We are working really hard. The reason we have been able to invest in the quality of companies that we have gotten access to is because founders are seeing that we are founders just like themselves. They see we are working just as hard as they are and that Animo is our life work.
That generates a type of alignment I don’t think is frequent in our industry.

What did you learn at Miami angels and Kauffman Fellows that you are employing now?

In both, the power and importance of building community. Think what is Miami Angels, and that is exactly what it is – building community. Kauffman talks about radical self-belief and work ethic. If you work really hard, you are a good person, you are willing to bet on yourself, then things should work. What I would add to that is community. I’ve been a community builder my whole life, first with the nonprofit Techo and then with Miami Angels, where I am still on the board.  

What do you look for in an investment?

To us, 80 percent of the decision making is around the team, 15 percent is the market and 5 percent is the product. We are investing so so so early, I can’t afford to fall in love with the product because the product will change. The product will inevitably change, the market might change, so all you have is the team. We’ve leaned more B2B in the beginning, 60 percent of our portfolio, 40 percent is B2C.
We are doing pre-seed and seed. We will not do Series A as an entry point. That’s a different ball game and we are just not built to win at that.
We’re agnostic and we are generalist.
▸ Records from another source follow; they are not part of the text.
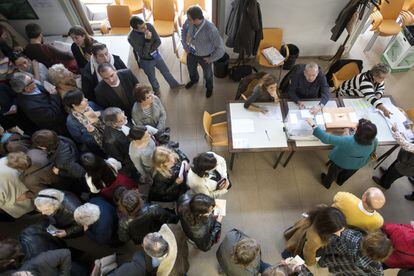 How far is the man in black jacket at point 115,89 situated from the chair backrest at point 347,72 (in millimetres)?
3090

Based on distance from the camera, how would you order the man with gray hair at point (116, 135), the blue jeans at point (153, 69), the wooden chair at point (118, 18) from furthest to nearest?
the wooden chair at point (118, 18)
the blue jeans at point (153, 69)
the man with gray hair at point (116, 135)

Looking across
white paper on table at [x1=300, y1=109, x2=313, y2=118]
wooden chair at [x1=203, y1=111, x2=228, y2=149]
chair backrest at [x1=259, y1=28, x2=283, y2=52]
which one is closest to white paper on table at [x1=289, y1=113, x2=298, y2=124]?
white paper on table at [x1=300, y1=109, x2=313, y2=118]

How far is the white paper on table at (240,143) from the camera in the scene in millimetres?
3447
The only thing we won’t do is FDA related stuff because we aren’t built for those kinds of companies because we don’t really understand it. If we can’t be helpful and we can’t be the best possible partner, then you shouldn’t be partners with us.
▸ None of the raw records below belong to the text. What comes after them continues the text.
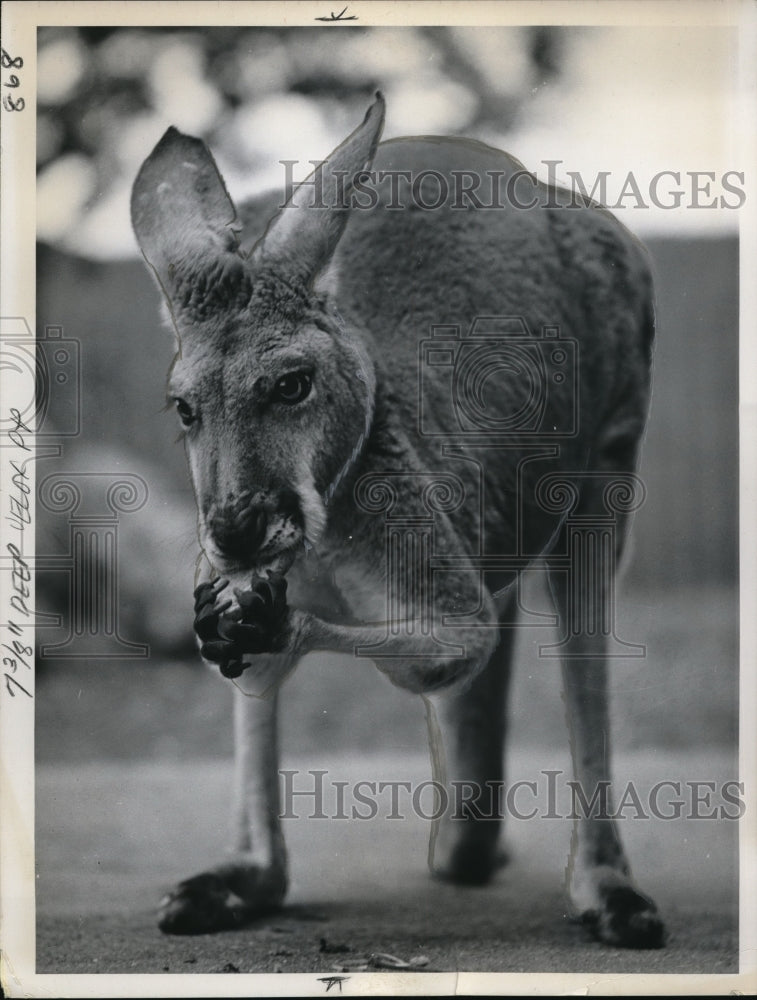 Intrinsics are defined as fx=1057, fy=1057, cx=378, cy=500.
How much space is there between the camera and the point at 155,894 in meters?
3.46

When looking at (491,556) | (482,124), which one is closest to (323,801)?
(491,556)

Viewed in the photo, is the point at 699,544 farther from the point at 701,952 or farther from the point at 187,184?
the point at 187,184

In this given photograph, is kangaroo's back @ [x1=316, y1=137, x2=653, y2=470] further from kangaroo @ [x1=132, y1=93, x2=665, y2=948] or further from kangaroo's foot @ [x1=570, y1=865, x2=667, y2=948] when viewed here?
kangaroo's foot @ [x1=570, y1=865, x2=667, y2=948]

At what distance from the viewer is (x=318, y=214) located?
134 inches

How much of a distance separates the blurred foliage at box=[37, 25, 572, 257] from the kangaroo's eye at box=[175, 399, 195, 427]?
54cm

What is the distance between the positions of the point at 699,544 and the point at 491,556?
690 millimetres

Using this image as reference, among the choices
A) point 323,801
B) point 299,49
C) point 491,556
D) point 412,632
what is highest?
point 299,49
What are a couple of your investments and what attracted you to them?

We are paying close attention to what we see as the evolution of trust. We made investment in Syncari, which is an AI company doing two way and real time data synch, and the role of trust is with data being never more siloed, it is very hard to know what and where to trust within your organization.
 We invested in a company called Yay Lunch!, healthy school meals for kids delivered at school. Most families don’t have the time or the money to pack a lunch every day that’s healthy and tasty.
We are looking at the changing place of care so we invested in a menopause company called Ohana, a consumer brand looking to change how women go through menopause, starting with the stigma around menopause, and delivering at-home hormone replacement. In traditional healthcare, the iteration of what hormones you need could take 6 months each time; theirs takes 2 weeks in the comfort of your own home.
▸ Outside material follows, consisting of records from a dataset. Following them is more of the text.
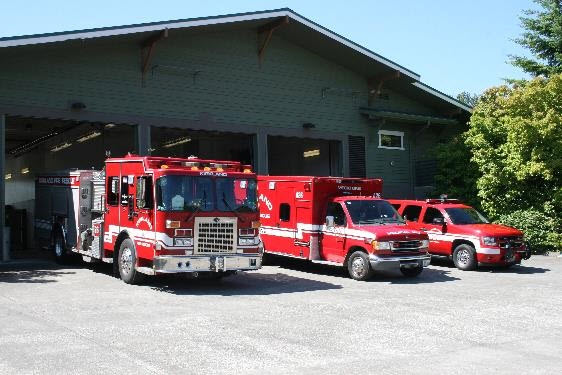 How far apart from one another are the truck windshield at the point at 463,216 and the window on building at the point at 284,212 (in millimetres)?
4862

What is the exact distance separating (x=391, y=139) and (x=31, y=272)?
54.4 ft

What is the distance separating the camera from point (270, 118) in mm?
23766

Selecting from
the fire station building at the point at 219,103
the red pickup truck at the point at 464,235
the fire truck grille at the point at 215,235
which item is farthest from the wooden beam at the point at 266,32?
the fire truck grille at the point at 215,235

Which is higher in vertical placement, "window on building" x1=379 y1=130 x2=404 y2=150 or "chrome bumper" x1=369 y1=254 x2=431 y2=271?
"window on building" x1=379 y1=130 x2=404 y2=150

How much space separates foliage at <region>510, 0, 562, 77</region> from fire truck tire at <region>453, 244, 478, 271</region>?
20.6 meters

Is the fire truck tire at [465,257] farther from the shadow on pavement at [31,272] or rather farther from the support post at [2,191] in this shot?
the support post at [2,191]

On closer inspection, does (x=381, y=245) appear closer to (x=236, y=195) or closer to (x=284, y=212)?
(x=284, y=212)

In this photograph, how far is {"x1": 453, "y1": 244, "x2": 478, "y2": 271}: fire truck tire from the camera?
17750 mm

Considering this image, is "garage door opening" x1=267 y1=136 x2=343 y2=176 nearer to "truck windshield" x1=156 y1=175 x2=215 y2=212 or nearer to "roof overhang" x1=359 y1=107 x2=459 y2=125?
"roof overhang" x1=359 y1=107 x2=459 y2=125

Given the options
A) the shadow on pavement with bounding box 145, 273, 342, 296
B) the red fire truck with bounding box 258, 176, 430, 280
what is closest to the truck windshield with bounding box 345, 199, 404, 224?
the red fire truck with bounding box 258, 176, 430, 280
What do you think about Miami’s progress as an ecosystem?

I am a big believer. I spent two years of my life building Miami Angels, I bought a house, I want Miami to succeed as much as anybody. I think we are at this post-hype phase, where there are real companies being built and we are starting to see the results of that. I think we need more patience — these things take a long time. We are seeing good companies raise good capital, we are seeing new fuel from the out of town moving to Miami — the Aaron Hirschhorns, the David Koretzes are now here. One of Miami’s strengths is we are naturally diverse. Just look at the investors in town, all the investors are one way or another diverse. I think that occurred because it is who we are.
 So I’m bullish. For the type of investment we do and the kind of companies we look for, I think we will be making one or two investments here a year, hopefully more.